# Given data
┏━━
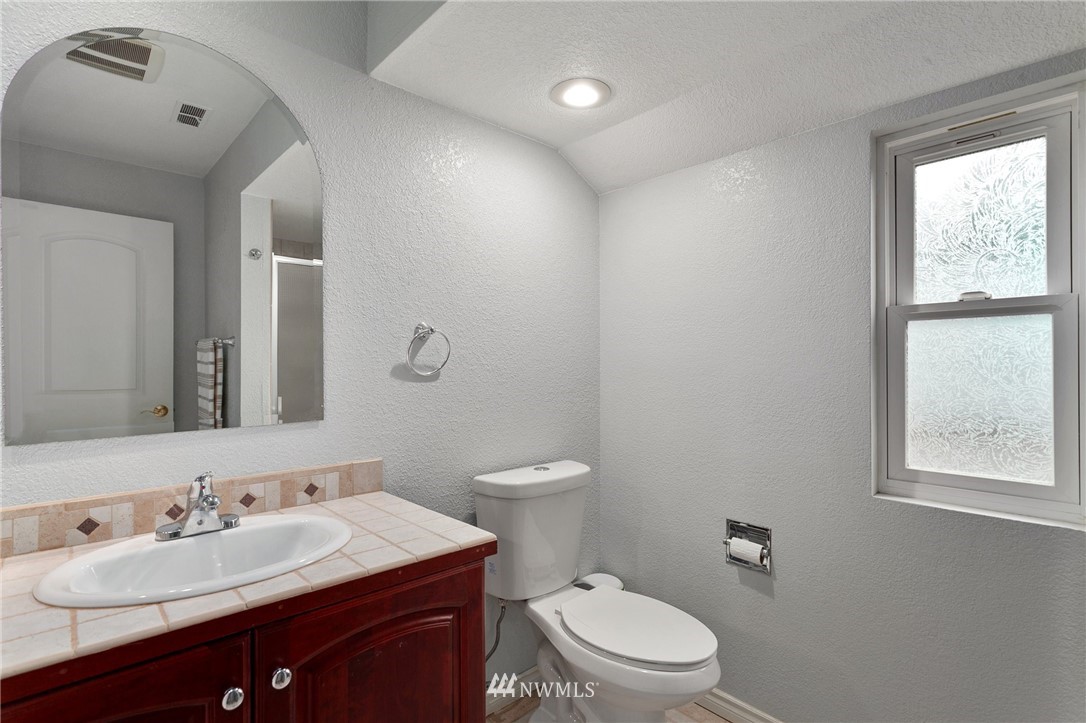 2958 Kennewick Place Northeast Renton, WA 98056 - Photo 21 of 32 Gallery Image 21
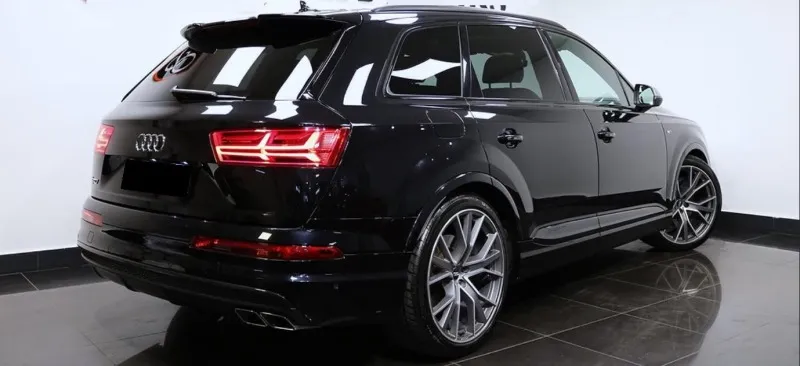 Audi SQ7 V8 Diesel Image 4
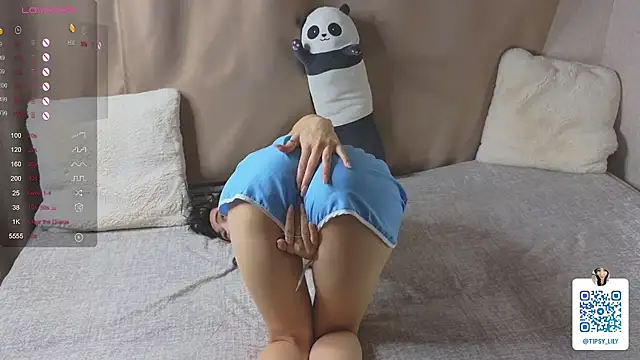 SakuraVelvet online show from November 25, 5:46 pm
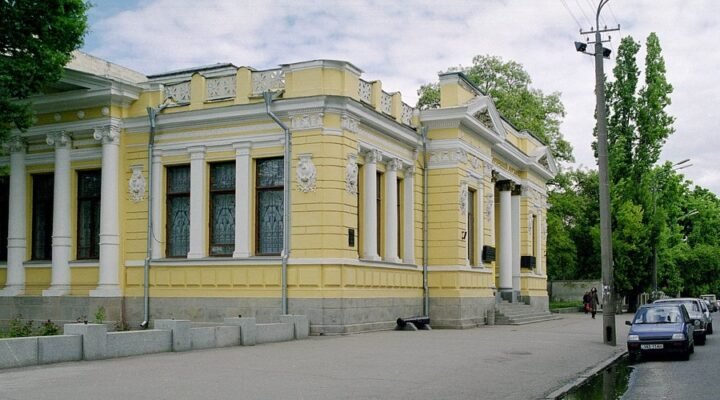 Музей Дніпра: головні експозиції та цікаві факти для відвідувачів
┗━━
┏━━
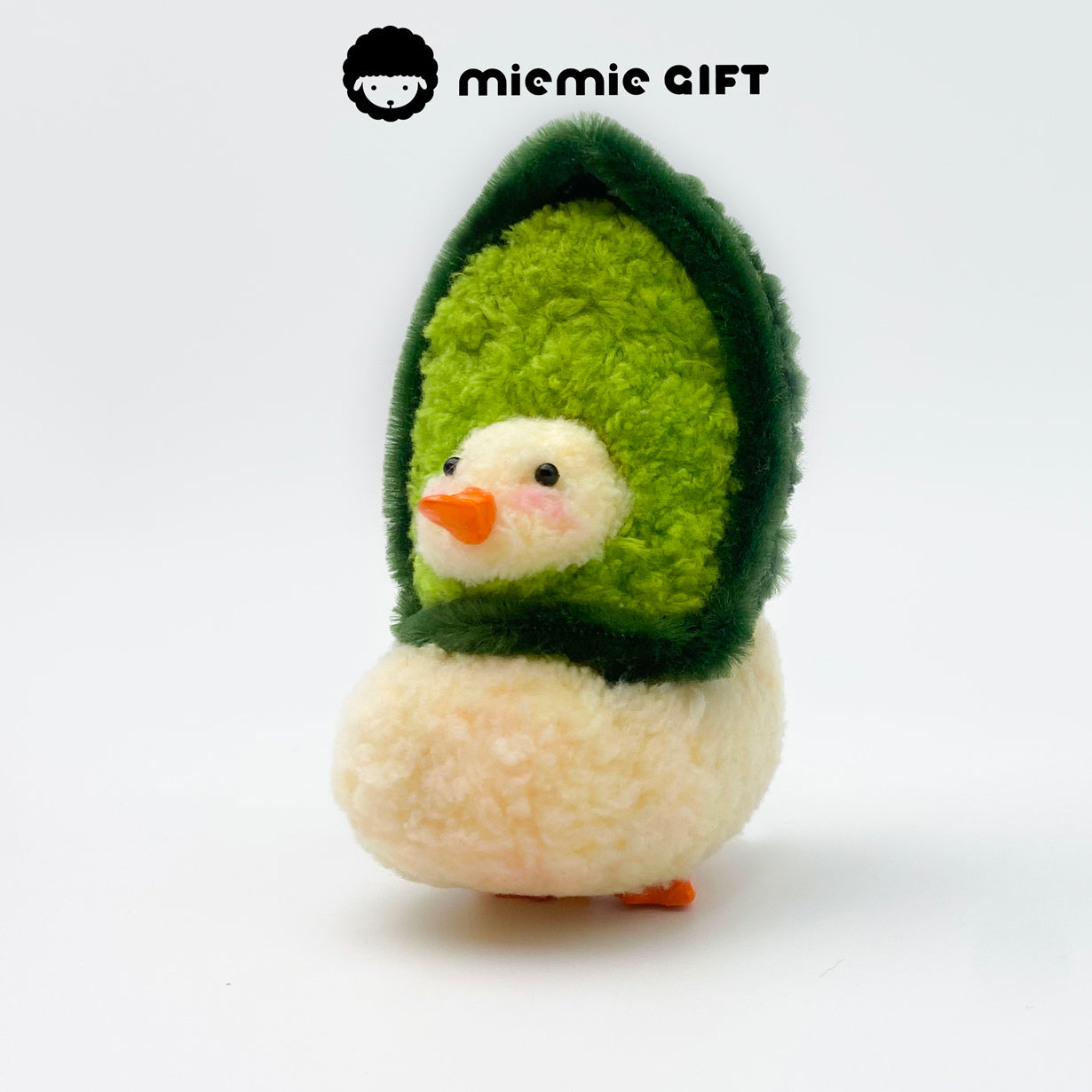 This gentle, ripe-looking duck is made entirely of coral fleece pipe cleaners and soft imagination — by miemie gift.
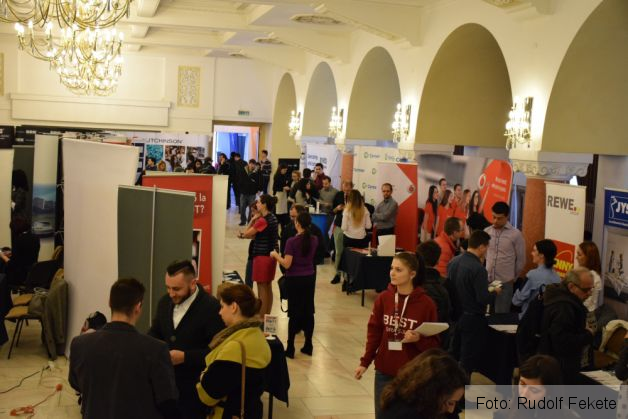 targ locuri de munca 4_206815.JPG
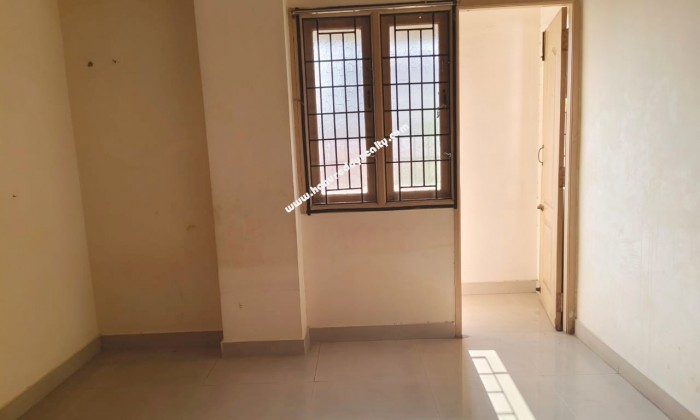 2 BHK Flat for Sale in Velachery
┗━━
┏━━
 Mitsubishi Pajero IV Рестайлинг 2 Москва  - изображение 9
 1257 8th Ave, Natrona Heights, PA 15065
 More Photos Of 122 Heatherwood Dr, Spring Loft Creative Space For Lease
┗━━
# Instructions for the task
An exact copy is needed. It runs from the line above containing "targ locuri de munca 4_206815.JPG" down to the line containing "2 BHK Flat for Sale in Velachery", both included, with no pictures.

# Completed task
 targ locuri de munca 4_206815.JPG
 2 BHK Flat for Sale in Velachery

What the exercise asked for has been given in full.